誉田 哲也『ジウ 警視庁特殊犯捜査係』

ジウ―警視庁特殊犯捜査係 (C・NOVELS)

ジウ―警視庁特殊犯捜査係 (C・NOVELS)

都内で誘拐事件が発生。警察は万全の捜査態勢の下、身代金引渡しを行おうとするが、犯人に振り回され、最終的に引渡し役の母親の暴走によって身代金を奪われ犯人を逃す。数ヵ月後、都内で人質篭城事件が発生。SITは現場へ出動し、犯人との交渉を始める。差し入れ係を命じられたSIT所属の門倉美咲巡査は犯人の元へ向かい説得を試みようとし、SIT所属の井崎基子巡査は力で犯人をねじ伏せようとする。やがてこの事件は未解決の誘拐事件に繋がり、二人の女性警察官はそれぞれのやり方で事件に立ち向かう。

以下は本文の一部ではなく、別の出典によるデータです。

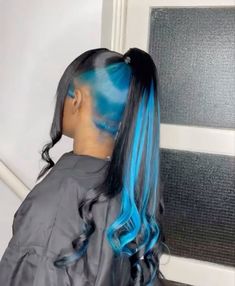 Senior Hairstyles, Underdye Hair, Wig Installs, Barbie Hairstyle, Sleek Ponytail Hairstyles, 13x4 Lace Front Wig, Peekaboo Hair, Beautiful Black Hair, Cute Hair Colors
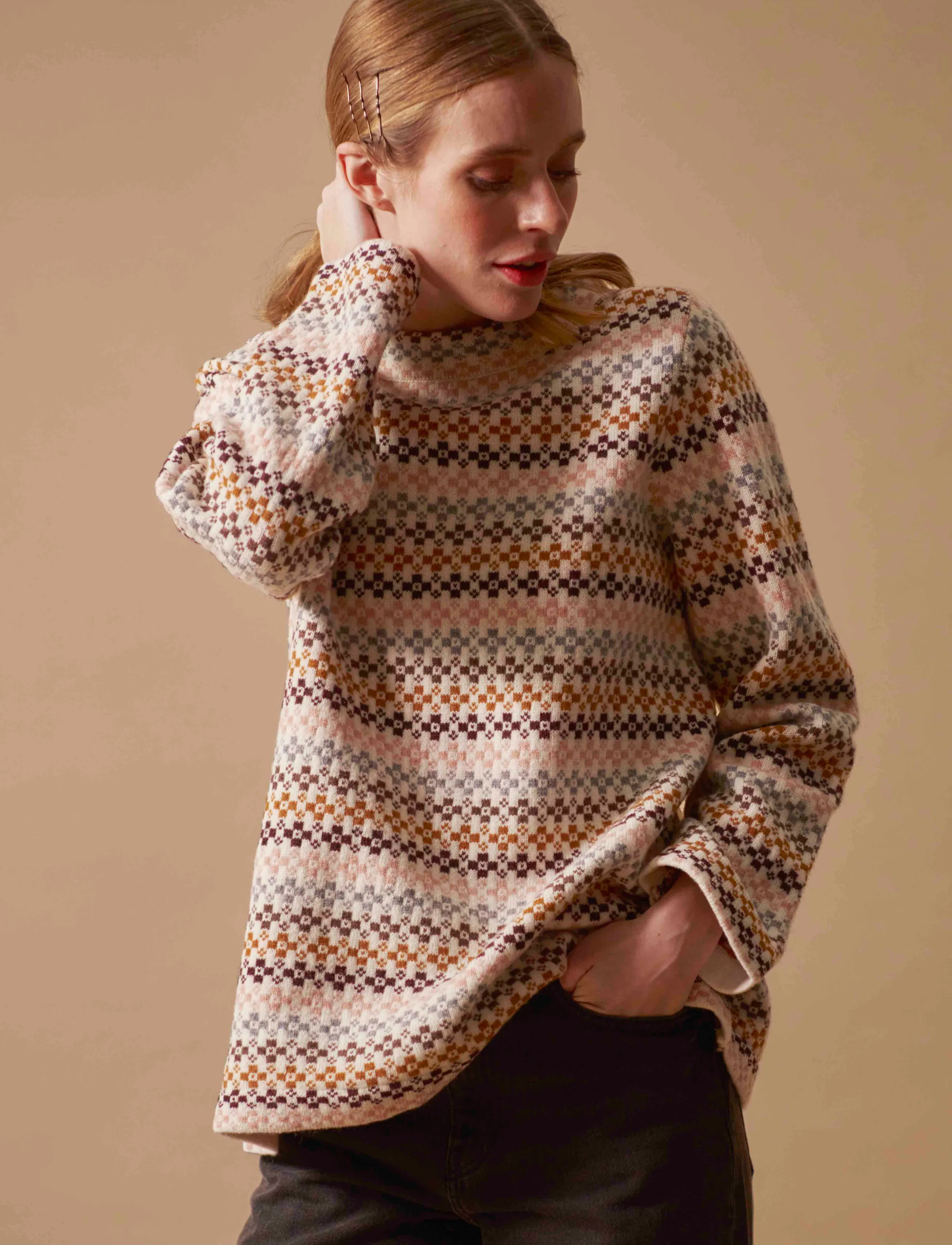 Jumperfabriken - Kajsa Jumper - stickade tröjor - multi - 3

警察小説の新たなヒロインたちが、ここに誕生!!(背表紙より)ということですが、一言で言えば ザ・B級。B級警察小説で。対照的な二人の女性警察官が主人公なのですが、どっちもありえねー(笑。男顔負けの格闘術を持ち、常に生死を賭けた戦いをしたいと願う25歳の女と、犯罪者との心の交流を求め、自分を可愛いと思ってる特技が嘘泣きな27歳の女ですよ。どっちにも感情移入できねーって。
捜査や訓練活動はほとんどアクション。警察では絶対であろう階級も無視。それぞれプチロマンスあり。犯人はサイコ。このごった煮はB級ならでは。次の事件への展開が偶然に頼りすぎだとは思いますが、構造は結構凝ってます。犯人のプロフィールもなかなか興味深く、警察小説・犯罪小説として面白くなる要素はあるんだけど、重心が事件ではなく二人の女性警察官を描くことにあるので、事件自体はお手軽に書かれてるのが残念。これでヒロインが魅力的ならいいんだけどなぁ。
サイコ風味の「つづく・・・」なラストシーンで終わるのですが、これは続編を出すつもりなのか、結末ほっぽらかしなのかどっちでしょう。